Dear Tom Selleck . . .
I know it's been forever and a day since I've written and I'm sorry. Kind of. Don't worry, I still want you to play the part of my dad on the silver screen. I think about you and our blockbuster a lot. But the truth is, I've had shit going on and shit going down and the shit just got real. I've been in a bit of a haze trying to sort it all out.
What I've learned though, is that maybe I need to just stop trying to sort it all out and just roll over and float on down the stream with it.
So just as I was coming to this conclusion (for the 1,379,517th time in my life) today while parked in what I like to refer to as the enchanted forest, I looked over and saw a deer. A doe. A strong, peaceful, beautiful, content female deer. And that's when I knew . . .
I knew everything is going to be alright. I knew my dad was there with his watchful eye and wide open heart making sure everything is falling into perfect place for me.
I knew because of this:
I closed on my first home on the one year anniversary of my dad's death. Bittersweet does not begin to describe that time in my life. I was a daddy's girl and he was the only person I wanted - I needed - with me at that time and he was notably missing. The night before my closing he came to me in a dream and said, "I'm right here with you Sis.

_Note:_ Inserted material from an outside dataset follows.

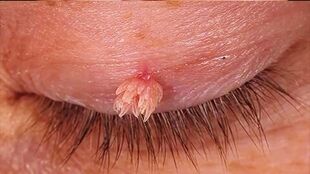 Pointed warts on the eyelid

Everything's going to be alright."
The week I moved in, a buck deer stood in my backyard for several days and as crazy as it may sound . . . I knew it was my dad watching over me. I could feel him.
The next house I bought, my dad sent the train as his blessing.
The next house there was yet another buck deer shortly after we moved in who spent nearly a week in our backyard watching over us.
When I lost it all and had to leave that house, he sent another buck to my new home to greet me. In this house? The train.
Tomorrow I am taking what some would see as a big risk by buying a home with my 'life savings' when I don't have a job - a paying one anyway. Today I was freaking out over it and some other new developments I'll get around to telling you about in due time.
In true 'Dad' fashion, that's when the doe showed up. I know she was sent by him to let me know all is right in my world and he is there every step of the way. Being the ungrateful whiny little brat of a daughter that I am, I challenged my dad with, "Is that all you've got Dad? I don't deserve a buck this time? Just this lousy doe?" Charming, aren't I?
That's when a friend of mine spoke up and pointed out all of the changes that have been taking place in my amazing life leading up to this point. She believes this is my dad's way of letting me know I can do this on my own. I don't need to rely on his strength anymore, just on my own strong peaceful spirit like that doe. He'll be there, but this is all me this time.
I don't know for sure, and I'd never admit it out loud but I think she just may be right.